Os intervalos de uma série de aulas (e até hoje) eram chamados por nós de “recreio”. O recreio para mim, era como disse, um “momento de felicidade”.
Enquanto o presidente do “Diretório Acadêmico dos Alunos” colocava os discos de Elvis Presley e os rapazes mais ricos, saracoteavam tentando na dança do “Rock and roll” imitar Elvis - para chamar a atenção das garotas é claro - eu nem bola dava para isso - estava ou retratando uma garota, ou lhe fazendo uma poesia. Muitas, se sentavam ao meu lado, tão juntinhas de mim que lhes sentia o calor do corpo.“Momentos felizes”...! Outras me pediam para ajudar-lhes nos desenhos: rosáceas, barras gregas, acharem os pontos de fuga, determinar a linha do horizonte, ou mesmo no “desenho do natural” obter as devidas proporções à folha de seu caderno, luz e sombra etc. Até mesmo no francês, idioma que tinha uma facilidade natural, e tinha aulas com  a Valdete Moreno em casa (ela era amiga da família). 

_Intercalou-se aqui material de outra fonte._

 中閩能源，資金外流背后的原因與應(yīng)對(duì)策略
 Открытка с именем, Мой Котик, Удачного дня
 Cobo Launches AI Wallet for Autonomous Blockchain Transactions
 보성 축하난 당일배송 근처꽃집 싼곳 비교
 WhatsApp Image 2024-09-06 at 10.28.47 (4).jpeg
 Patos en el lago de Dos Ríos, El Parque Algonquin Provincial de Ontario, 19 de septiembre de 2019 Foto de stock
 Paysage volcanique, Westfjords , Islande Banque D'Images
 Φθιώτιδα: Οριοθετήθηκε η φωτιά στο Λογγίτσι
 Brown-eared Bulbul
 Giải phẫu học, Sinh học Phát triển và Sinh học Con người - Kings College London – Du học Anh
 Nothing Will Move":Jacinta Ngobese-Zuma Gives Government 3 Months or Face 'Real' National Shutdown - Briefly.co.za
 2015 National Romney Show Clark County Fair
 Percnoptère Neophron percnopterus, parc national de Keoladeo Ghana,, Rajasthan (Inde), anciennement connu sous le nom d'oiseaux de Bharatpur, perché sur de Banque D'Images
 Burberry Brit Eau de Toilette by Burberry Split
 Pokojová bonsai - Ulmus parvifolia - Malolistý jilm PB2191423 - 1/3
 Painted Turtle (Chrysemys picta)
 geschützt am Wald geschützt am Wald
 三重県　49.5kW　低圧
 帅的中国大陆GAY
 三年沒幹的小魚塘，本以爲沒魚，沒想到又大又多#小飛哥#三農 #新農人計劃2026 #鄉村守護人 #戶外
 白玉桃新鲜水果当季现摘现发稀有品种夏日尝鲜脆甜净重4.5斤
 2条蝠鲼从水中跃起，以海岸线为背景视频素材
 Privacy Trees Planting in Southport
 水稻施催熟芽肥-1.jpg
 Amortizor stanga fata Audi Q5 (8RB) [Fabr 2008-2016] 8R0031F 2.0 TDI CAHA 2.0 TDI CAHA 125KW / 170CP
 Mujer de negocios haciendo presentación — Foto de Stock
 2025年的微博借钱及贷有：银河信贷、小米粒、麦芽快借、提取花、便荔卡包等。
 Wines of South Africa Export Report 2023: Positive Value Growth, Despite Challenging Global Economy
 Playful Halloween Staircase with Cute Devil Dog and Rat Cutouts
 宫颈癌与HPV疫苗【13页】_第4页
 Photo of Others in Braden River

Mas não eram só as meninas que me procuravam para acudir dificuldades com o desenho ou redações, alguns colegas rapazes também: um, há anos, foi prefeito da cidade vizinha; outro já era riquinho (pais nascidos na França), herdou tudo, sendo filho único: o Alexandre Avignon. Outros se tornaram médicos, engenheiros e até um sacerdote, Frei Rui Moraes, girou o mundo e voltou a um seminário vizinho de frades franceses da ordem de São Francisco. 

No futebol, como fazia com tudo, dediquei-me exaustivamente aos treinamentos, com o treinador de goleiros do Moji Mirim Esporte Clube, então para ingressar à “Segunda Divisão”, que mais tarde passaria à “Especial” como está até hoje. Assim, tinha um verdadeiro fã clube de garotas, que me achavam o melhor "goleiro do mundo” - coitadinhas! Era muito bom, sem falsa modéstia, mas a falta de discernimento técnico delas potencializava meu desempenho. Era certo que o “Flamenguinho” nosso time juvenil, não tinha mais adversários. Este time teve em suas bases grandes nomes como Paulo D., que foi para o Santos FC. E outros para o Guarani de Campinas e Ponte Preta, outros ainda chegaram ao Flamengo do Rio. Eu voei mais baixo - cheguei aos amadores do M.M.E.C. e o goleiro que fora meu reserva, subiu com o Moji para a “Primeira Divisão”, hoje a especial. Bem, mas isto já é outra história...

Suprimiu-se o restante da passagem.